Maj. Gen. Rick Lynch also said that while cities such as Baghdad and Ramadi average more than 25 attacks by insurgents a day, such violence is declining in the rest of Iraq - where 60 percent of the population lives.

"There are indeed areas of Iraq that are relatively safe and secure, and the people in those provinces are working their way toward to a peaceful and democratic society," Lynch told reporters in the Green Zone, the highly fortified home of the U.S. Embassy and Iraq's parliament in Baghdad.

He also said the U.S.-led coalition was making progress in killing or capturing insurgent leaders and is getting tips from Iraqi civilians about insurgent hideouts and weapons stockpiles.

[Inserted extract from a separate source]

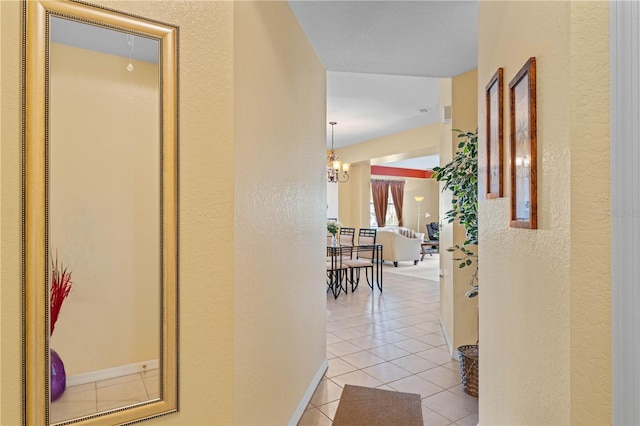 hall with light tile patterned flooring and an inviting chandelier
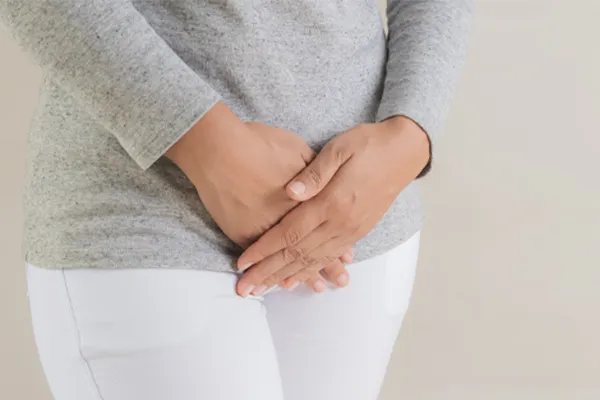 Fibroids-Clinic Close up of a woman in a gray shirt and white pants holding her hands below her abdomen in discomfort. Get treatment for fibroids from Frank Lanzisera, D.C. in Tampa Bay Metro.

Lynch said information is even coming from the troubled Sunni Triangle, which includes the large provinces of Baghdad, Nineveh, Anbar and Salahuddin in central and northwestern Iraq. He said that based on a tip, U.S. and Iraqi officials destroyed buildings in Haditha, a city in Anbar where insurgents were making and hiding weapons.
Coalition offensives like the one in the northern city of Tal Afar this month have made significant progress in restoring Iraq's control over its borders, and are "denying the terrorists any safe havens in Iraq," Lynch said.

However, after insurgents were routed from Tal Afar, Abu Musab al-Zarqawi, the Jordanian-born Sunni Arab leader of al-Qaida in Iraq, declared all-out war on Iraq's majority Shiites.

Lynch said Syria, Egypt, Saudi Arabia, Jordan and Sudan are the main sources of foreign fighters for the insurgency, with most coming from Syria.